Aiming to become the global leader in chip-scale photonic solutions by deploying Optical Interposer technology to enable the seamless integration of electronics and photonics for a broad range of vertical market applications

Free
Message: More information on LIGHTMATTER NextPlatform article One Laser To Pump Up AI Interconnect Bandwidth By 10X

More information on LIGHTMATTER NextPlatform article One Laser To Pump Up AI Interconnect Bandwidth By 10X

posted on Oct 17, 2024 12:12AM

https://www.nextplatform.com/2024/10/16/one-laser-to-pump-up-ai-interconnect-bandwidth-by-10x/

(images at link)

According to rumors, Nvidia is not expected to deliver optical interconnects for its GPU memory-lashing NVLink protocol until the “Rubin Ultra” GPU compute engine in 2027. And what that means is that everyone designing an accelerator – particularly the ones being designed in house by the hyperscalers and cloud builders – is hoping to one up Nvidia in AI compute by deploying optical interconnects ahead of Big Green to give them an edge.

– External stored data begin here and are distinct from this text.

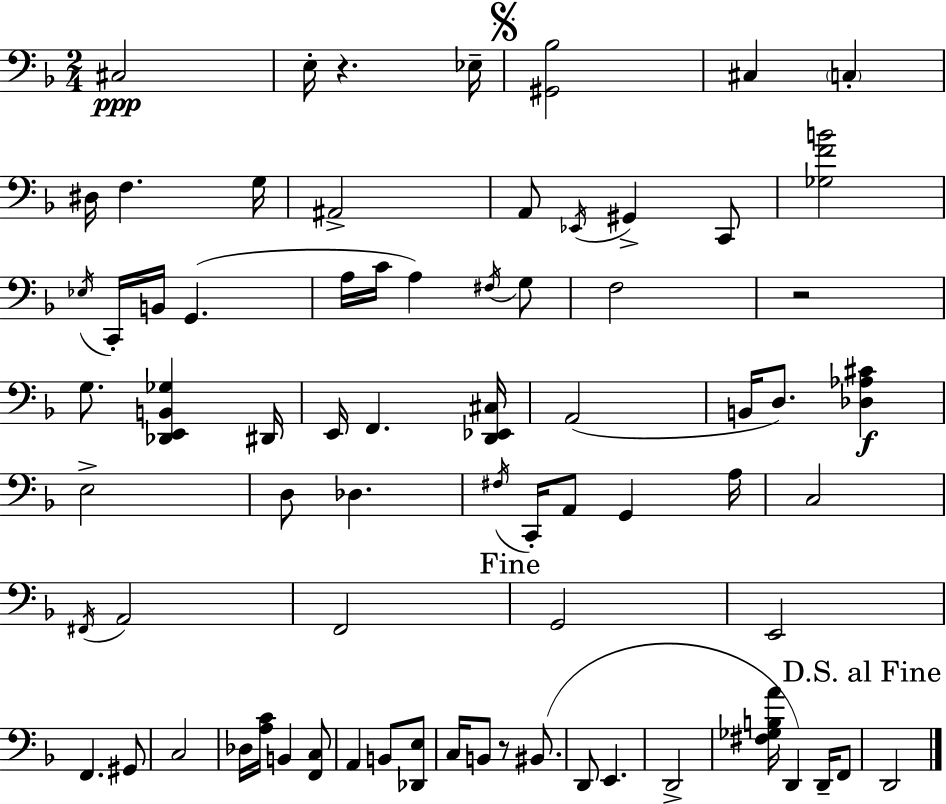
{
  \clef bass
  \numericTimeSignature
  \time 2/4
  \key f \major
  cis2\ppp | e16-. r4. ees16-- | \mark \markup { \musicglyph "scripts.segno" } <gis, bes>2 | cis4 \parenthesize c4-. | \break dis16 f4. g16 | ais,2-> | a,8 \acciaccatura { ees,16 } gis,4-> c,8 | <ges f' b'>2 | \break \acciaccatura { ees16 } c,16-. b,16 g,4.( | a16 c'16 a4) | \acciaccatura { fis16 } g8 f2 | r2 | \break g8. <des, e, b, ges>4 | dis,16 e,16 f,4. | <d, ees, cis>16 a,2( | b,16 d8.) <des aes cis'>4\f | \break e2-> | d8 des4. | \acciaccatura { fis16 } c,16-. a,8 g,4 | a16 c2 | \break \acciaccatura { fis,16 } a,2 | f,2 | \mark "Fine" g,2 | e,2 | \break f,4. | gis,8 c2 | des16 <a c'>16 b,4 | <f, c>8 a,4 | \break b,8 <des, e>8 c16 b,8 | r8 bis,8.( d,8 e,4. | d,2-> | <fis ges b a'>16 d,4) | \break d,16-- f,8 \mark "D.S. al Fine" d,2 | \bar "|."
}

The demand for optical interconnects is so high, given the immense bandwidth bottlenecks for accelerator-to-accelerator and accelerator to memory needs, that raising venture funding is not a problem. We are seeing more and more action on this front, and today we are going to talk about Xscape Photonics, an optical interconnect startup that is spinning out of research at Columbia University.

 

Columbia University, whether you know it or not, is a hotbed for interconnects and photonics.

Professors Al Gara and Norman Christ built a DSP-powered supercomputer with a proprietary interconnect to run quantum chromodynamics applications, which won the Gorden Bell Prize in 1998. This QCDSP system research laid the foundation for IBM’s BlueGene massively parallel supercomputers, of which Gara was the chief architect. (Gara moved to Intel and was also the architect of its presumed successor, the “Aurora” supercomputer at Argonne National Laboratory.)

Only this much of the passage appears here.